### Records supplied
⟨
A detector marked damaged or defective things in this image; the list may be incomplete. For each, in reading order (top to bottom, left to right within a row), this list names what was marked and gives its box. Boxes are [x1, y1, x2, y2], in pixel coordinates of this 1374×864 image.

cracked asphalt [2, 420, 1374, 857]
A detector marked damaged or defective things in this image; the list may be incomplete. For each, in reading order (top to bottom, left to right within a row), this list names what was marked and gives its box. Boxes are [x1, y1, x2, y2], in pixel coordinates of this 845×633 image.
⟩
⟨
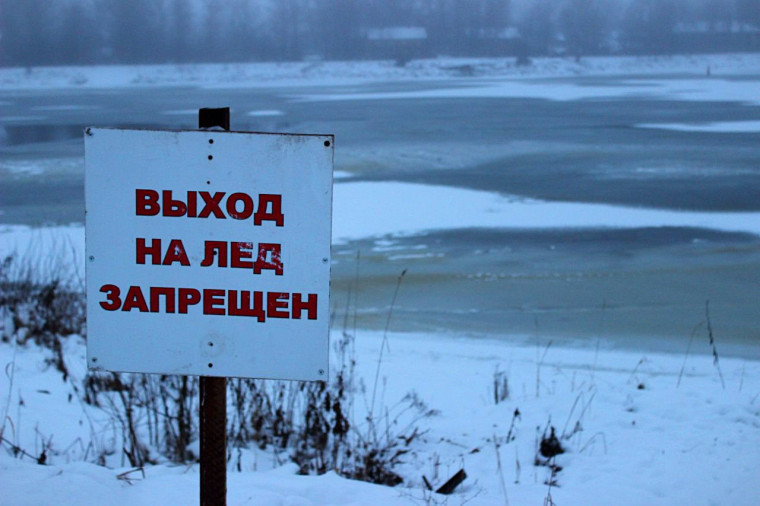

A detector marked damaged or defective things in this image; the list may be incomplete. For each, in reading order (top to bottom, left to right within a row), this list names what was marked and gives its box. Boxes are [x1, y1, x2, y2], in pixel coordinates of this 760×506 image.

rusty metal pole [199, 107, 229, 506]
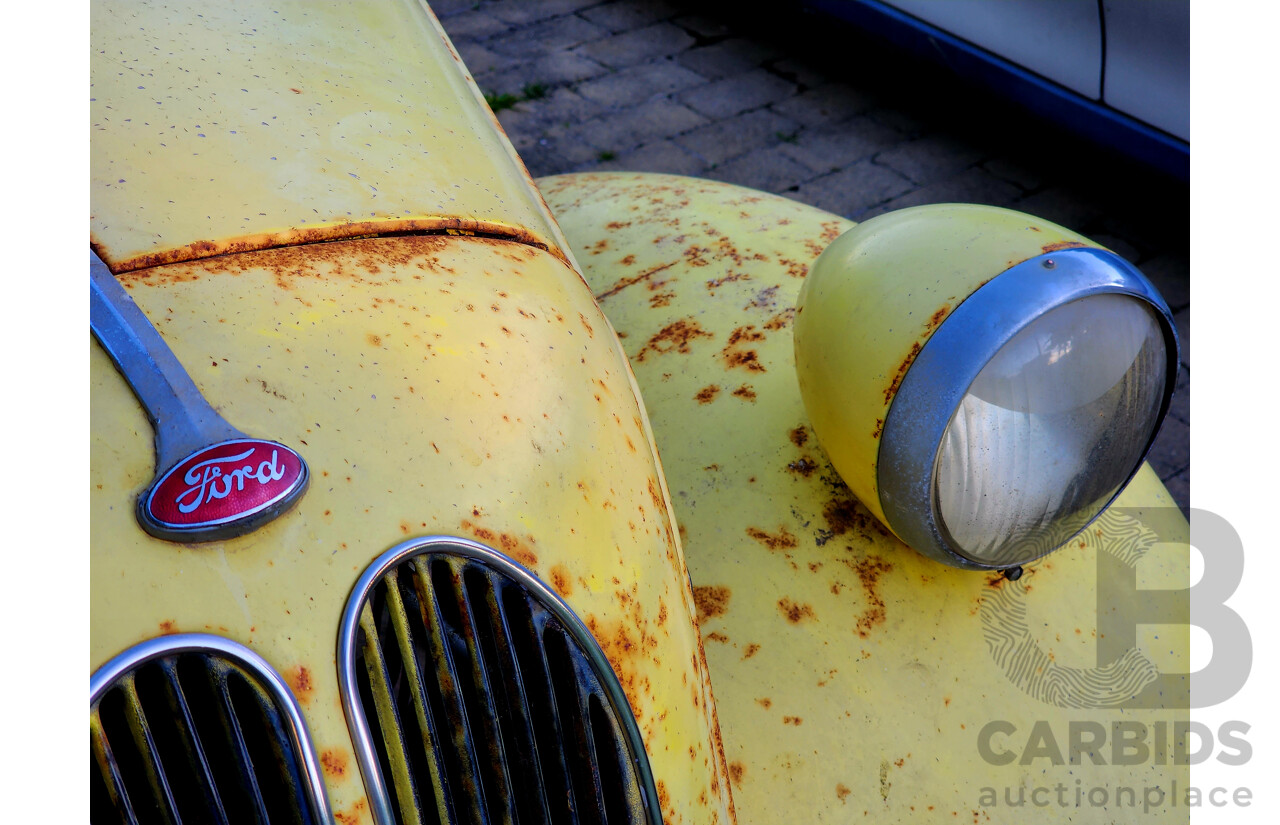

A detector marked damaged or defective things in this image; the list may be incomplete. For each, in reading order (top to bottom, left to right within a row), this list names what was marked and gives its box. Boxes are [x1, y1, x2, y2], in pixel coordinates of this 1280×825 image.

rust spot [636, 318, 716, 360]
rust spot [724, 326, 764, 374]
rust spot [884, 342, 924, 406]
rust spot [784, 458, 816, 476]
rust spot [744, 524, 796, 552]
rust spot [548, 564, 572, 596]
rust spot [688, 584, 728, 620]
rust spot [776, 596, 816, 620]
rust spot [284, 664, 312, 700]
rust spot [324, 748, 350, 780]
⟩
Everything above from the line with "this 1374×864 image." to the line with "this 845×633 image.", both included, must be repeated exactly, and nothing outside that range.

A detector marked damaged or defective things in this image; the list may be incomplete. For each, in reading order (top to bottom, left to right within a row), this list names what was marked and gives its box. Boxes are [x1, y1, x2, y2], in pixel coordinates of this 1374×864 image.

cracked asphalt [2, 420, 1374, 857]
A detector marked damaged or defective things in this image; the list may be incomplete. For each, in reading order (top to bottom, left to right within a row), this list names what was marked and gives its box. Boxes are [x1, y1, x2, y2], in pixel coordinates of this 845×633 image.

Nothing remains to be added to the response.